UltraGCN: Simplified Graph Collaborative Filtering

Updated 3 September 2025

UltraGCN is a graph-based collaborative filtering model that simplifies GCN architecture by approximating infinite-layer propagation through direct constraint enforcement.
It employs degree-based edge weighting and auxiliary losses to balance user–item and item–item interactions, reducing over-smoothing effects.
The model achieves up to 10x computational efficiency and significant performance gains on benchmarks compared to traditional GCN methods.

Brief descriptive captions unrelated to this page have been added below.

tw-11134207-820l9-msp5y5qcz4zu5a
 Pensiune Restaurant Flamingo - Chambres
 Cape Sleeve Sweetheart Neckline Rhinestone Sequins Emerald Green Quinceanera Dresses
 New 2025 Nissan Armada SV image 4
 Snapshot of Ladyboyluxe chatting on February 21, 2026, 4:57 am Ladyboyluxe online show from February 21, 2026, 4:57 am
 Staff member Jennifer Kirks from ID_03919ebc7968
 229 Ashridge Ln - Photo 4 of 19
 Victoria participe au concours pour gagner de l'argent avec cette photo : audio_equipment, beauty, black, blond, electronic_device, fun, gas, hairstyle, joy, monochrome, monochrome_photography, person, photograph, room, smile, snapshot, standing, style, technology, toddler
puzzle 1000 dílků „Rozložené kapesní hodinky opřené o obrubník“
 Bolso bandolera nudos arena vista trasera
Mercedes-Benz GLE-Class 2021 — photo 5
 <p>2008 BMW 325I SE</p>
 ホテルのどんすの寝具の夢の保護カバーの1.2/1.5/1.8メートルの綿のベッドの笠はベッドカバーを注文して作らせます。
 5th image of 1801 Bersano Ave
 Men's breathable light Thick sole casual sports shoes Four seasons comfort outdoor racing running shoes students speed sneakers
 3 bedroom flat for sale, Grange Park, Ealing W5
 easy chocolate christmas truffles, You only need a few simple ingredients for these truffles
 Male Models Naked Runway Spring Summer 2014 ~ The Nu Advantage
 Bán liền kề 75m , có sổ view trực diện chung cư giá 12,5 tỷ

UltraGCN is a graph-based collaborative filtering model that radically simplifies the architecture of graph convolutional networks (GCNs) for recommendation tasks by eliminating explicit, iterative message passing. Instead, UltraGCN approximates the closed-form solution of infinite-layer graph convolution through direct constraint enforcement on user and item embeddings. By optimizing embedding alignment to neighbor aggregates under well-designed edge weighting schemes, UltraGCN achieves high recommendation accuracy with an order-of-magnitude improvement in computational efficiency over prevailing GCN approaches, such as LightGCN. Its design also offers strong adaptability for large-scale deployments and integration with contemporary recommender system workflows.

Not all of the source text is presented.